The theory above to find the intersection point is equally valid for 3-dimensional lines as well. It will, however, find the points along the two lines that are closest to each other, and you need to find some other method to invert the V-matrix since it's no longer square; for example, the pseudo-inverse.

[...] but I can't understand how it works. Can someone please try and explain it?

The method is this: There a re 2 line segments p₀p₁ and p₂p₃ given. They can be expressed by using a ray equation (i.e. directed line) when the independent variable of the ray is restricted.
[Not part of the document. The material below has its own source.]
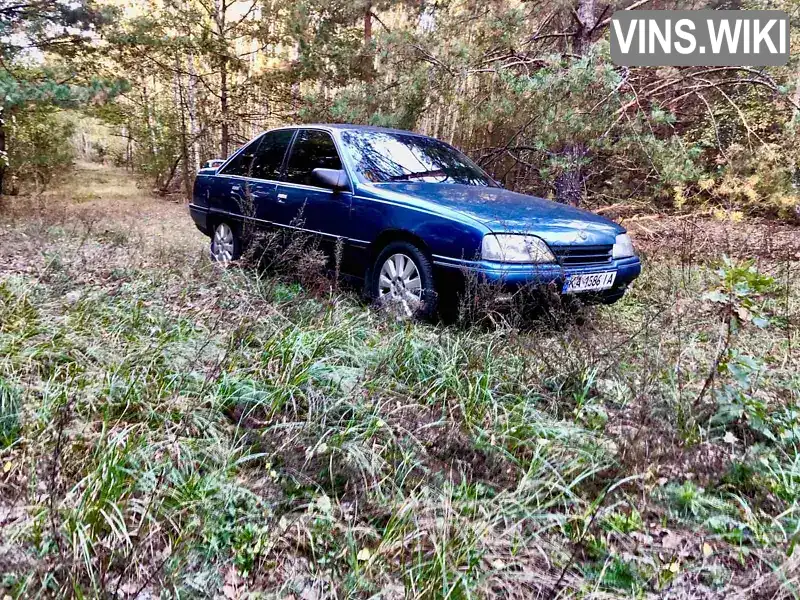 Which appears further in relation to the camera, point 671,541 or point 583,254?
point 583,254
In this case

r₀₁( s ) := p₀ + s * ( p₁ - p₀ ) w/ 0 <= s <= 1

r₂₃( t ) := p₂ + t * ( p₃ - p₂ ) w/ 0 <= t <= 1

In view of haegarr's post, your algorithm tries to solve the following vector equation

p0 + t*(p1-p0) = p2+s*(p3-p2)

for t and s.

Roughly speaking, the left side of this equation forms a line passing through the points p0 and p1 as independent variable t changes. In particular, for 0 <= t <= 1, it forms a section (line segment) between p0 and p1. Similarly, the right side is a line passing through the points p2 and p3 as s changes and forms a section between p2 and p3 for 0 <= s <= 1. Thus the solution of this equation should give the intersection point of these two lines.

More precisely, the algorithm solves transformed version of the above equation of the form

s*s2 - t*s1 = u,

i.e. the linear system of equations

s2.X*s - s1.X*t = u.X

s2.Y*s - s1.Y*t = u.Y,

by using Cramer's rule.

It should by mentioned, that the algorithm your presented gives only the intersection point of sections p0p1 and p2p3, not of the whole lines, since variables t and s are checked to be inside the interval [0,1]. Moreover, it does not work for "non-properly" intersecting lines.